Como corolario de la actividad entre cerveceros comencé a jugar al cubilete. Callao, tortuga o Burdel, eran juegos de pequeñas variaciones donde la suerte es el principal dirimente. Casi siempre apostamos por la reposición de la cerveza y, si estabas en tu noche, podías sufrir un gran embotellamiento, sin meter la mano al bolsillo. “Puerto Rico, Las Vegas”, decía Pajarito después de una buena racha. Aparentaba haber andado por casinos y respiraba timba por los poros, mientras se transportaba a noches de suerte infinita, cuando el dinero ingresaba a raudales, aunque ahora, iba alicaído . 

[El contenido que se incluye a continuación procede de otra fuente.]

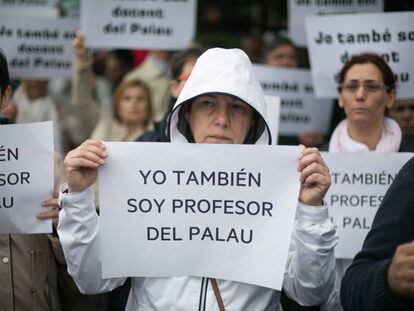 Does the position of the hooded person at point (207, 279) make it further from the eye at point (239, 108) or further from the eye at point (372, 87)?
the eye at point (372, 87)

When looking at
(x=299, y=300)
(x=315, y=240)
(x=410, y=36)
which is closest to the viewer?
(x=315, y=240)

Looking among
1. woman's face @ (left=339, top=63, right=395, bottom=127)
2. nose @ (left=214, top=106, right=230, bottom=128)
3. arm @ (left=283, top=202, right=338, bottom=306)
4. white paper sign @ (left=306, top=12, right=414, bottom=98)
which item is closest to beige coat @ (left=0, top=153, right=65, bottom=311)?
nose @ (left=214, top=106, right=230, bottom=128)

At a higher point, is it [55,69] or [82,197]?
[55,69]

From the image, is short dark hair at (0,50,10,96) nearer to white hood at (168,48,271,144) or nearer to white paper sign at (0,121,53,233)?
white paper sign at (0,121,53,233)

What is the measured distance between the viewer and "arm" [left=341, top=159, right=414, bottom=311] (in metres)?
2.23

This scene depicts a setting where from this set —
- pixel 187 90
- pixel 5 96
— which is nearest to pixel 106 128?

 Jugaba al cubilete con la suerte de mi lado, aliada, mi ganancia iba amontonada en la mesa mientras bebía cerveza, alardeaba, los ocasionales timberos eran algunos conocidos del bar. Al tratar de realizar un truco recién aprendido, los dados cayeron al suelo, dispersándose. Me agaché a recoger para descubrir que en ese lapso mi dinero había desaparecido. Los tres jugadores negaron lo evidente, el billete ausente, mirándose solapados aparentando inocencia. Me retiré molesto, sintiéndome iracundo con el engaño, para que los tres “amigos” pudieran repartirse el botín. 

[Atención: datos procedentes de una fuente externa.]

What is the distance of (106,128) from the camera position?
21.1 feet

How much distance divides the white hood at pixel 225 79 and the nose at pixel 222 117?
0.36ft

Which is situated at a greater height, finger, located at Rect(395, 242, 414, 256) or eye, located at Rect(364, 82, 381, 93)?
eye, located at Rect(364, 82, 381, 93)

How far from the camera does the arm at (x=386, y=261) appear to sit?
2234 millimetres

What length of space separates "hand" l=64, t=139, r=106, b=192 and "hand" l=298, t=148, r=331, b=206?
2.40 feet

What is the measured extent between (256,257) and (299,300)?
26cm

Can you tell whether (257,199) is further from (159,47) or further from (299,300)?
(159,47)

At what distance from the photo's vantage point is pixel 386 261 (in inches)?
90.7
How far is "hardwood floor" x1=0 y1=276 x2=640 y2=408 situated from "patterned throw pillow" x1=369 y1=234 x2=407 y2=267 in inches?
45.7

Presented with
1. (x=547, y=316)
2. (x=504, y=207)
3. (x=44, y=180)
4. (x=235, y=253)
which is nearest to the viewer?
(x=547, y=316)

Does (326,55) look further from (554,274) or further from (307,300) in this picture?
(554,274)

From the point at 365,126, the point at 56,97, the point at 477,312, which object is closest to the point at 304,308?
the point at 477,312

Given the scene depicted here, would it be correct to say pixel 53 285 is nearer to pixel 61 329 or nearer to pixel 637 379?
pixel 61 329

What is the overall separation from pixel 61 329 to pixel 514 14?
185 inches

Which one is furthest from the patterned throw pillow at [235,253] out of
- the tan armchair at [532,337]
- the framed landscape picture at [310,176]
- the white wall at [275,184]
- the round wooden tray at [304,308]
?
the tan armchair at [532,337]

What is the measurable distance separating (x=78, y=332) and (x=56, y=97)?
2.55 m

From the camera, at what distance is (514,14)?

Luego, con el pasar del tiempo, se introdujo un juego más cerebral llamado Dudo, o Dados Mentirosos, en el que la habilidad con los números puede hacerte triunfar. Empezaron los campeonatos y, sin ser un excelente jugador, tuve noches estelares en las que terminé dominando el juego, levantando mi ego. Se cambio la bebida, dejamos la cerveza y empezaron los chilcanos de pisco. 

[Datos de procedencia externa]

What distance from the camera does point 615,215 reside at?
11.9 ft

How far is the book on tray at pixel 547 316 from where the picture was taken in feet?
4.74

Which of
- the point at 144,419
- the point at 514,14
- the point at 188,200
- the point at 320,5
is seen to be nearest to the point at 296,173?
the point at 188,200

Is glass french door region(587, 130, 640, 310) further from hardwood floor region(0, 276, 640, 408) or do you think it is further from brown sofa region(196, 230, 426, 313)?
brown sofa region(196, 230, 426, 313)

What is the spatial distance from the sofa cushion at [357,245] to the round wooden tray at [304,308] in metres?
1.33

Entraban y salían los visitantes de la noche, cantando llegó borracho el borracho se acercó uno de ellos. Él famoso Cucharita entretenía con malabares de equilibrista por unas monedas, niños que vendían cigarrillos, chicles y caramelos, jóvenes ofreciendo cosas robadas, libros usados y revistas porno, ancianos pidiendo limosna, también mujeres pintarrajeadas buscando abrigo en las noches del damero limeño. Todo lo que puedan imaginar entraba y salía de esta bodega, mi favorita.